Dataset records
════════

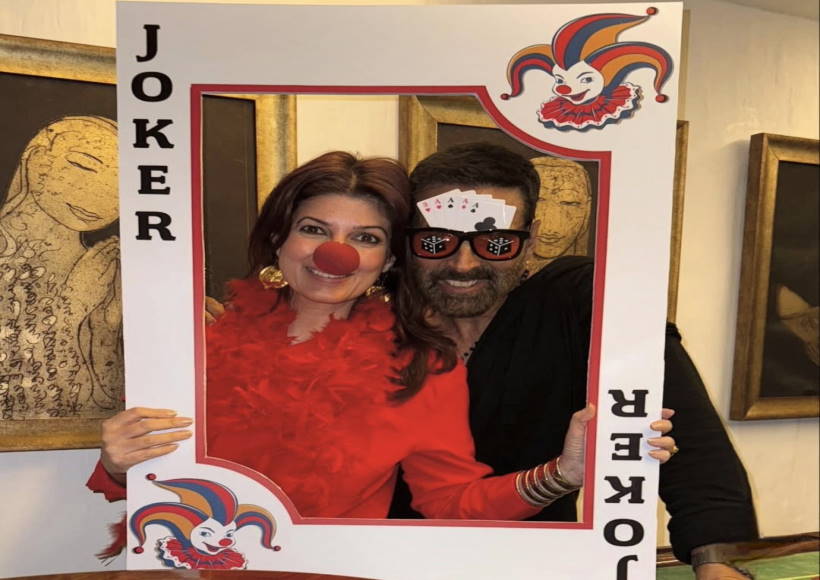 ट्विंकल खन्ना और अक्षय कुमार(तस्वीर क्रेडिट@Akkian_Emine87)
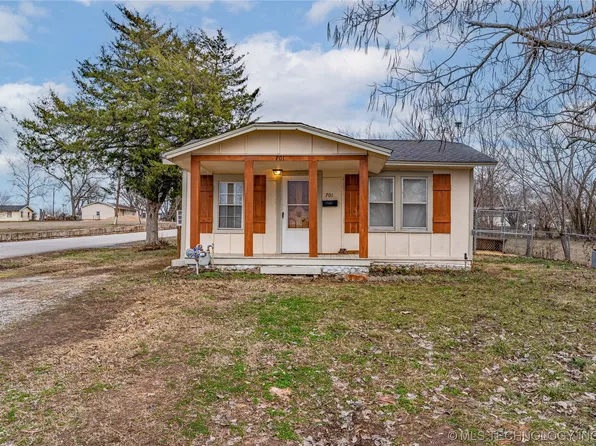 701 S Poplar St, Bristow, OK 74010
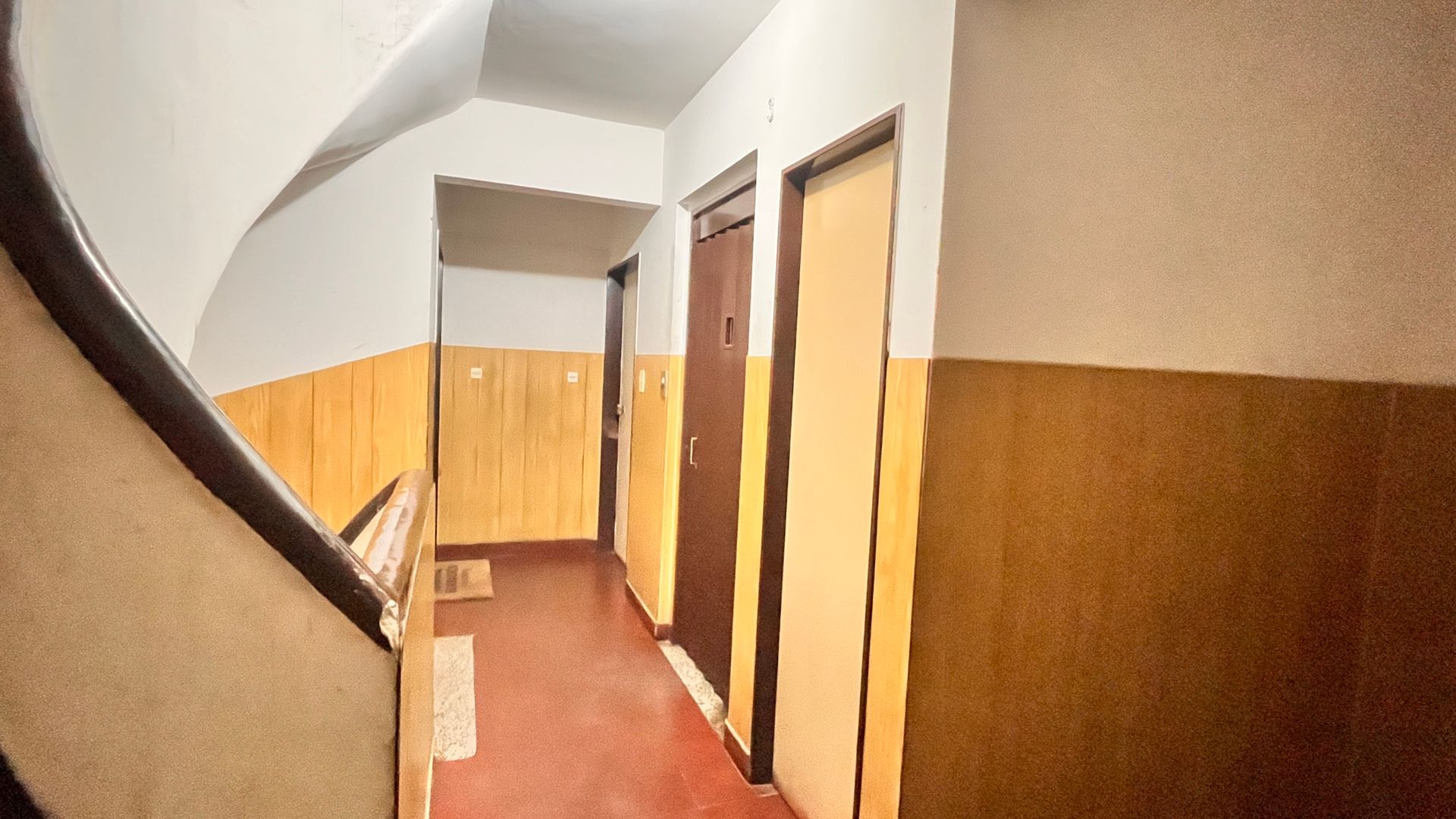 Dpto. 5 amb. 2 baños. Balcón. ASCENSOR! Beccar.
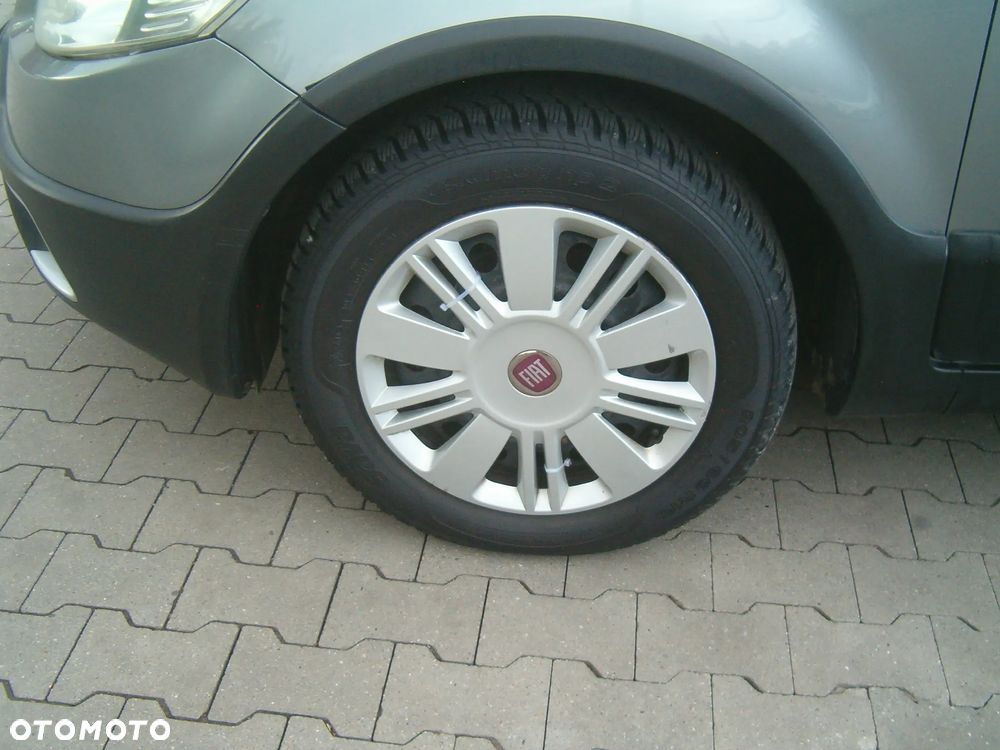 Fiat Sedici - 24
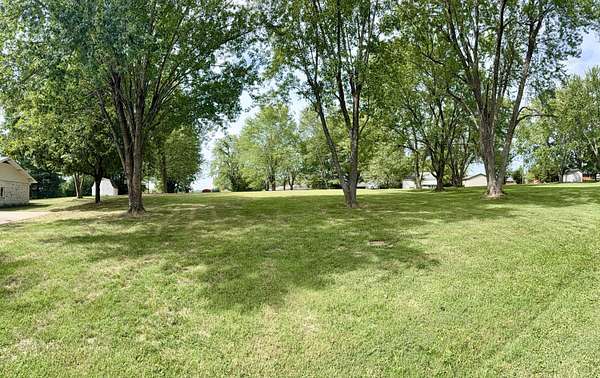 0.64 Acres of Land for Sale in Eddyville, Kentucky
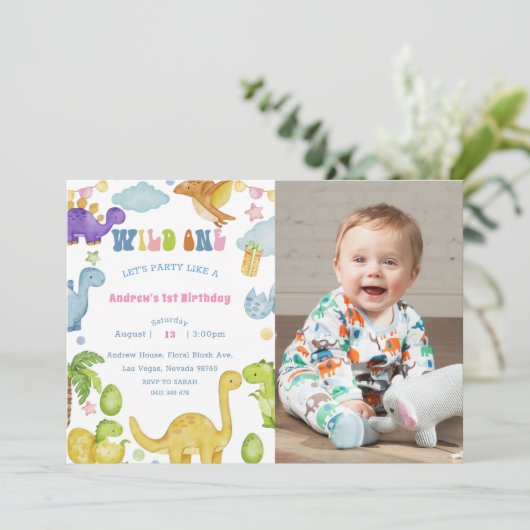 Dinosaurus Wild Een 1e Verjaardagsfeest Uitnodigin Kaart (Staand voorkant)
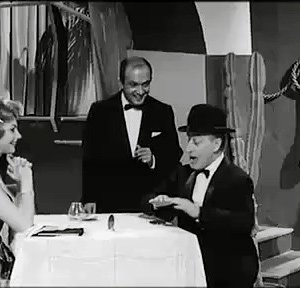 Nello Appodia in una scena Totò a Parigi con Sylva Koscina e Totò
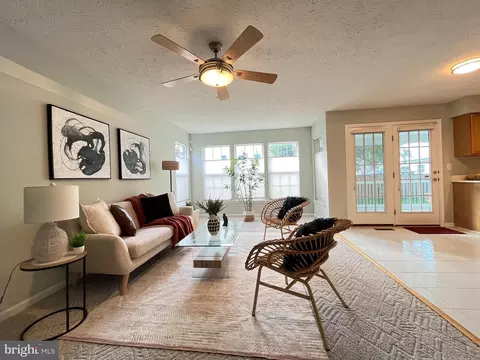 Living - 9532 Chaton Rd, Laurel, MD 20723 photo 2 of 3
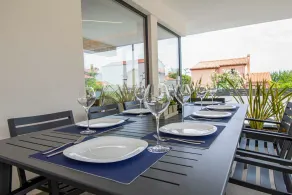 Modern villa with private pool near the sea - Image 2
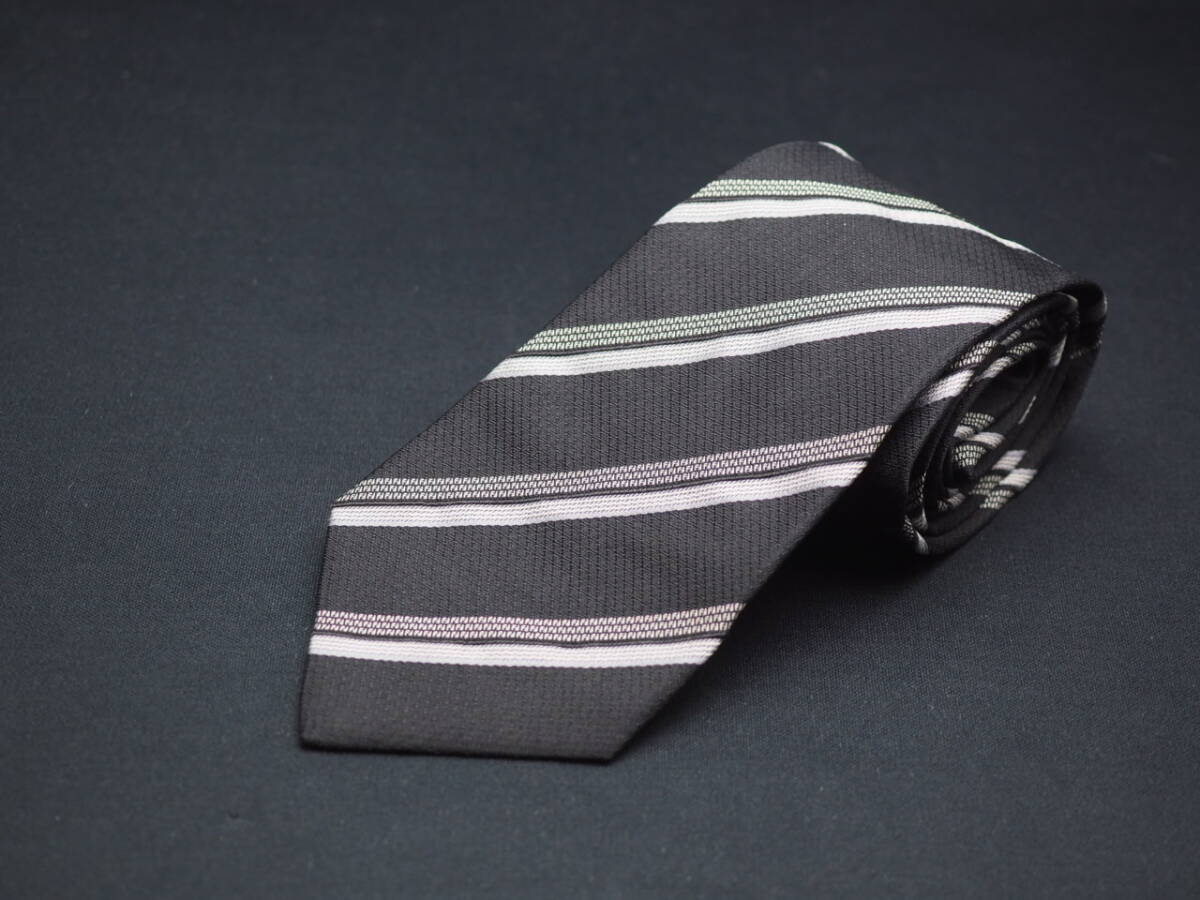 美品【FENDI フェンデ?！?E1786 ブラック シルバー ロゴ SILK ブランド ネクタイ 古著 良品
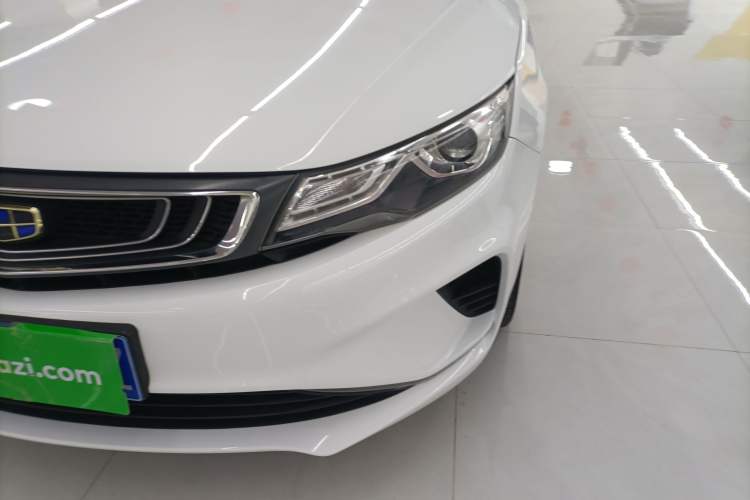 Used Geely Auto Emgrand GL 2017 1.8L Manual Elite Model Left Front Headlight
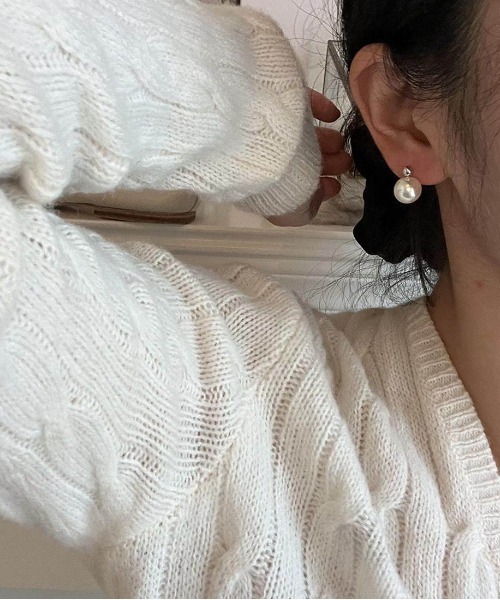 Forcement(フォースメント)の「「ひと粒の優美。日常を上品に仕上げるパールピアス」キュービックジルコニア&ボール パールピアス(ピアス(両耳用)・レディース・シルバー/シルバー系・ONESIZE)」の7枚目の写真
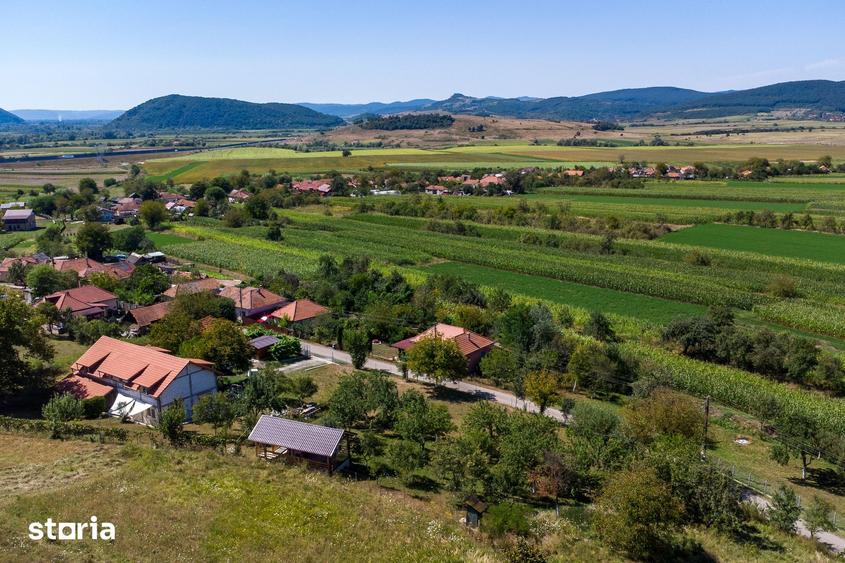 Casă cu 3 camere cu Teren 1019 Mp în Brănișca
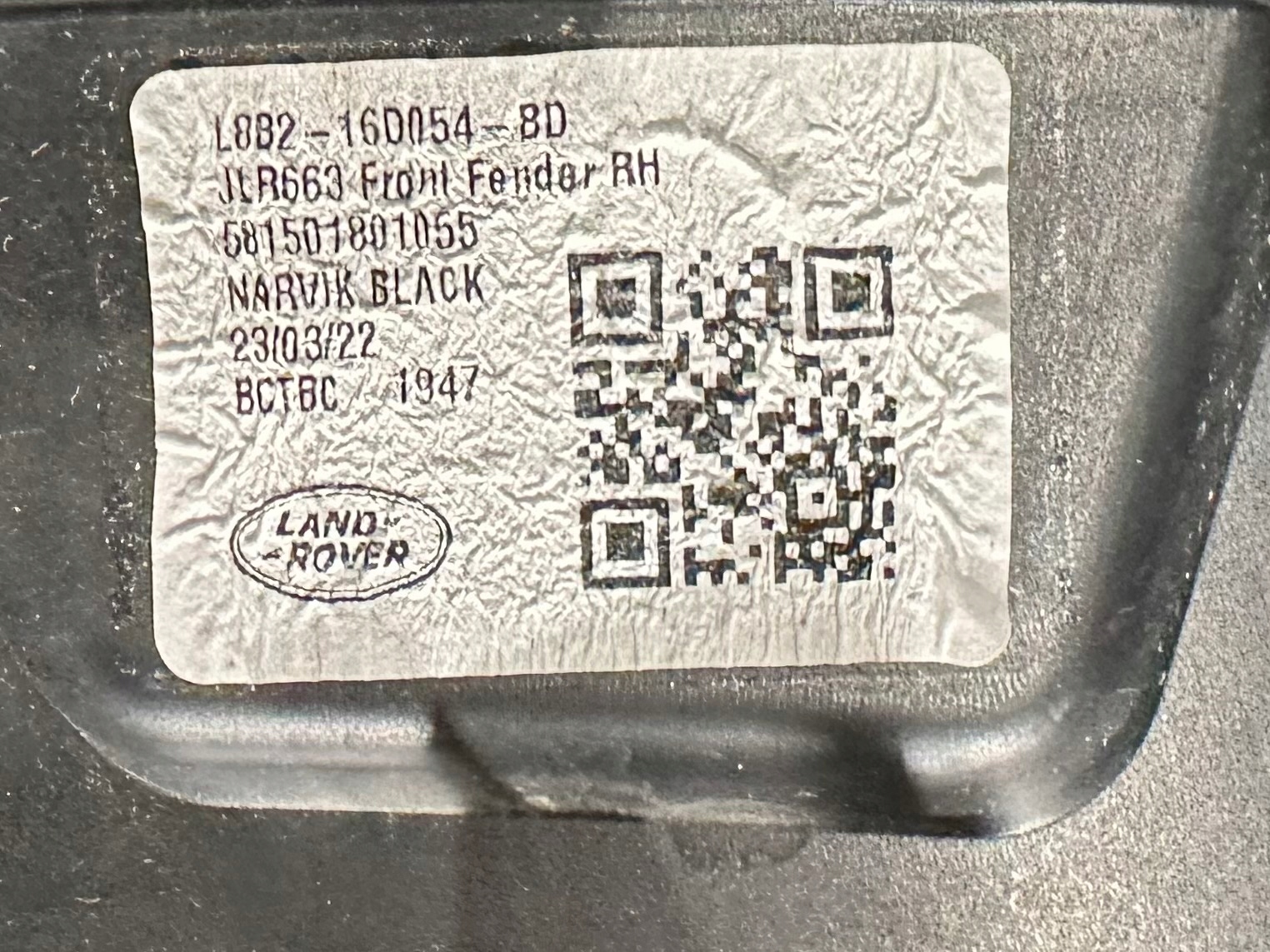 LAND ROVER DEFENDER COPERTURA TERMINALE PARAFANGO RH L8B2-16D054-BD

════════

# WORK INSTRUCTION:
Retype only the lines from the one with "Forcement(フォース" through the final line of the entries, please, and keep the pictures out.

# EXERCISE RESPONSE:
 Forcement(フォースメント)の「「ひと粒の優美。日常を上品に仕上げるパールピアス」キュービックジルコニア&ボール パールピアス(ピアス(両耳用)・レディース・シルバー/シルバー系・ONESIZE)」の7枚目の写真
 Casă cu 3 camere cu Teren 1019 Mp în Brănișca
 LAND ROVER DEFENDER COPERTURA TERMINALE PARAFANGO RH L8B2-16D054-BD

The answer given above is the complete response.